Congress made Subchapter S status available to insured depository institutions for the first time in 1996, but many existing institutions had been unable to make the election because, at that time, a corporation was not eligible to make the election if it had more than 75 shareholders.

The American Jobs Creation Act of 2004 (AJCA) (as amended by the Gulf Opportunity Zone Act of 2005), enhanced the viability of the Subchapter S election for banks through provisions that: (1) increased the number of eligible shareholders from 75 to 100; (2) permitted family members to be treated as one shareholder; (3) permitted certain IRAs to be eligible shareholders for bank, thrift, and holding company S Corporations; and (4) clarified that interest earned by banks, thrifts, and holding companies and dividends earned on assets required to be held by a bank or thrift (such as Federal Reserve Bank shares and Federal Home Loan Bank shares) are not disqualifying passive income under the passive income test applicable to S Corporations.  The Small Business and Work Opportunity Tax Act of 2007 further enhanced the viability of the S corporation option by clarifying that under certain circumstances director shares would not be treated as a second class of stock.

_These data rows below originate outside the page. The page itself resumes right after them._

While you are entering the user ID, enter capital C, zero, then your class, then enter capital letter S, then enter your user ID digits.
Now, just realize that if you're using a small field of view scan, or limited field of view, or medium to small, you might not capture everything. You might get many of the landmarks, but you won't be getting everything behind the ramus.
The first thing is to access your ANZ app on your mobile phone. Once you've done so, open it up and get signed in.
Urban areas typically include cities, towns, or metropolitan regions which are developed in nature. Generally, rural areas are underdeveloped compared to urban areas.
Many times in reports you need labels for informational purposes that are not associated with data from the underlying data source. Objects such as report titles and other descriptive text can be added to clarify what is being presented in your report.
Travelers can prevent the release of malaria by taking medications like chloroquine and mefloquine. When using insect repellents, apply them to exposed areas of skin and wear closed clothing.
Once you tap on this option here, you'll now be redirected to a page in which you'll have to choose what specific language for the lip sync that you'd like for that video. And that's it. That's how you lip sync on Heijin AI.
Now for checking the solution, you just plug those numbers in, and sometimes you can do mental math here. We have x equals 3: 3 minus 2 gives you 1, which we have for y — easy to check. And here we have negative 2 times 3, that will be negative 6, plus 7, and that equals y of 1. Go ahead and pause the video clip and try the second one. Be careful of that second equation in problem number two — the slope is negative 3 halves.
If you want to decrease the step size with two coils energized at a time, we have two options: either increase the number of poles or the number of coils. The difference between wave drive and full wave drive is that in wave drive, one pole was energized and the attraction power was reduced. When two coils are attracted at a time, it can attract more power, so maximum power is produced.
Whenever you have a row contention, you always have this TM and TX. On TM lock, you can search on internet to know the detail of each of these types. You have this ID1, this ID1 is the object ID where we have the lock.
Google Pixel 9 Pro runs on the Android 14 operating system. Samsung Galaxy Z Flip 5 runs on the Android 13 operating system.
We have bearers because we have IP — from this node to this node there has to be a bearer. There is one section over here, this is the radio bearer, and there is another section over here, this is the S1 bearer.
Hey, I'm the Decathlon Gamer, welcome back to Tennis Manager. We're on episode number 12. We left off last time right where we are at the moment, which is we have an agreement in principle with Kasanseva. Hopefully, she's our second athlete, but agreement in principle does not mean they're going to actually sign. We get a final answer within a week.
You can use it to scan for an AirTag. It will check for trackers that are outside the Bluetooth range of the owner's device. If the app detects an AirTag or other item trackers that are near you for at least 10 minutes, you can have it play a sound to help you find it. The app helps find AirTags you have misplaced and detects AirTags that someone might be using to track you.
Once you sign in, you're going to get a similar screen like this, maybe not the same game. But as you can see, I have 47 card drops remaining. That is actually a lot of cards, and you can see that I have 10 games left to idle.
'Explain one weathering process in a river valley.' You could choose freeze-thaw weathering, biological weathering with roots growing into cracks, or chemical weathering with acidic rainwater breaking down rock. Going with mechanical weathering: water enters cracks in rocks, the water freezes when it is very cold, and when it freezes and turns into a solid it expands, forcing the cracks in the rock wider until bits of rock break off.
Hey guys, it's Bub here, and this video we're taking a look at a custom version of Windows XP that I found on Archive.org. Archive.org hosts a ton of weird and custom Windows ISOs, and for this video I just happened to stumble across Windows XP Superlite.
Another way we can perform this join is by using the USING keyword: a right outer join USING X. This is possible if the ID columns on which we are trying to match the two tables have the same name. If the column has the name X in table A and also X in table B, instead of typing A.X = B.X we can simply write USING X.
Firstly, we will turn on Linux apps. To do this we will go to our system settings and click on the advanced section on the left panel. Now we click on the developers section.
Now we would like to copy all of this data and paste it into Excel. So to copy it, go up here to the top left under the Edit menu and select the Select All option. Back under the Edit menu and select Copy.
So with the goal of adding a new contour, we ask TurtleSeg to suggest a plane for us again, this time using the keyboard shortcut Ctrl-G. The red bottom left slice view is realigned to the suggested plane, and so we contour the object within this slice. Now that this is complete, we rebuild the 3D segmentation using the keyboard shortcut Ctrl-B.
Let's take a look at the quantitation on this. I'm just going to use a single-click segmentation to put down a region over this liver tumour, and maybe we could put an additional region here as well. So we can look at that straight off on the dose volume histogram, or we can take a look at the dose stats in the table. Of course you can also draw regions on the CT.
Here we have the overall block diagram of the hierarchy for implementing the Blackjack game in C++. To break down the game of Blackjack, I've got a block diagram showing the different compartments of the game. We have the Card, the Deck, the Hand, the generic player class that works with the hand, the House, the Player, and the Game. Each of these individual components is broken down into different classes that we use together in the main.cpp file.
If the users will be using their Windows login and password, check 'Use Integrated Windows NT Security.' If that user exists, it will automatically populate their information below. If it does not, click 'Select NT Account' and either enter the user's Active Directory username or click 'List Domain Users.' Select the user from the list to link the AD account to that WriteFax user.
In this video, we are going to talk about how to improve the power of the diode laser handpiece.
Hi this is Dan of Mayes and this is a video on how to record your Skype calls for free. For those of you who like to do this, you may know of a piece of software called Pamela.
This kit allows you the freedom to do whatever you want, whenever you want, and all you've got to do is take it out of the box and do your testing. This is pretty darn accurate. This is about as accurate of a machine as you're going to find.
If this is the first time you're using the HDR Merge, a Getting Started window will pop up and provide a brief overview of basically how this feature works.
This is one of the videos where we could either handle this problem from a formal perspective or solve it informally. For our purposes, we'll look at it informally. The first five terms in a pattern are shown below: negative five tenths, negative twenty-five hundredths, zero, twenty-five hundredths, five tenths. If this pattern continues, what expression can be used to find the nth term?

ABA supports further improvements that will: (1) increase the number of eligible shareholders to at least 150; (2) clarify that a current law reduction in the amount of deductions a regular corporation can claim with respect to tax-exempt obligations will not apply to a bank after it has been a Subchapter S corporation for three years; and (3) permit IRAs to make new investments in Subchapter S Corporations.

In addition, ABA supports pass-through income tax treatment for banking institutions to be organized as limited liability corporations (LLCs).  In a manner similar to Subchapter S banks, this treatment would avoid double taxation of bank income at both the bank level and the equity owner level by taxing a bank income only as income of the equity owners. Pass-through treatment of bank LLCs will attract more capital to banking.

In July 2008, Senators Hatch and Lincoln introduced a bill that would allow banks to structure as LLCs and receive the same federal flow through tax treatment that is currently available to Subchapter S banks (S. 3254 - The Small Bank Tax Equity Act).  The ABA supports the bill and will work with the Senators as they continue to refine the provisions contained in the bill.